B.Sc in Computer Science and Information Technology (STA215)

(Statistics II)

Full Marks: 60

Pass Marks: 24

Time: 3 Hours

Candidates are required to give their answers in their own words as for as practicable.

The figures in the margin indicate full marks.

Section A

Long Answers Questions

Attempt any TWO questions.
[2*10=20]
1.
What are the required conditions for error variable in multiple regression analysis? The Internal Revenue Service (IRS) is trying to estimate the monthly amount of unpaid taxes discovered by its auditing division. The IRS estimated this figure on the basis of field auditing labor hours and number of hours of its computers used. The table given below presents these data for the last ten months. i. Develop the estimating equation best describing these data. ii. Interpret the value of regression coefficients. iii. Estimate the actual unpaid tax for field if audit labour hours is 4200 and computer hours is 1600 hours.

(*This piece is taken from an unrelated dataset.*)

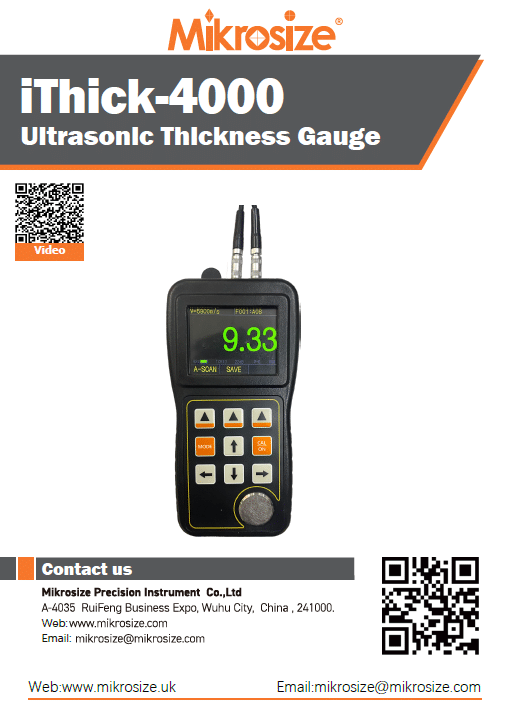 iThick-4000 Ultrasonic Thickness Gauge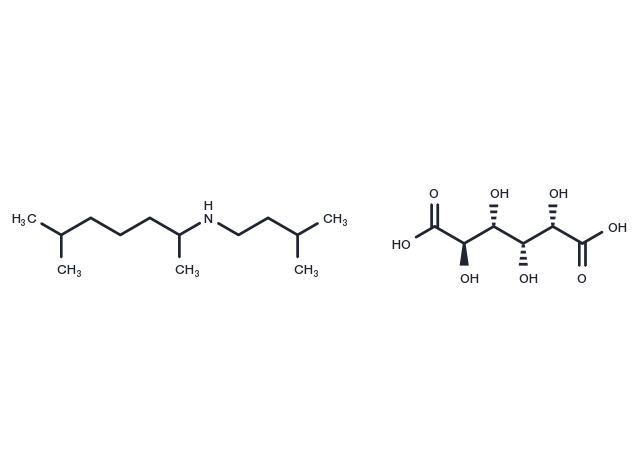 Octamylamine mucate Chemical Structure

$\begin{array}{|c|c|c|c|} \hline \text{Month} & (X_1) \text{ Field Audit Labor Hours in 100} & (X_2) \text{ Computer Hours in 100} & (Y) \text{ Actual Unpaid Taxes Discovered million of dollars} \\ \hline \text{Jan} & 45 & 16 & 29 \\ \text{Feb} & 42 & 14 & 24 \\ \text{Mar} & 44 & 15 & 27 \\ \text{April} & 45 & 13 & 25 \\ \text{May} & 43 & 13 & 26 \\ \text{June} & 46 & 14 & 28 \\ \text{Jul} & 44 & 16 & 30 \\ \text{Aug} & 45 & 16 & 28 \\ \text{Sep} & 44 & 15 & 28 \\ \text{Oct} & 43 & 15 & 27 \\ \hline \end{array}$

$Given \sum X_1 = 12005, \sum X_2 = 4013, \sum X_1 X_2 = 6485, \sum Y = 7428, \sum X_1^2 = 19461, \sum X_2^2 = 2173$
[10]
2.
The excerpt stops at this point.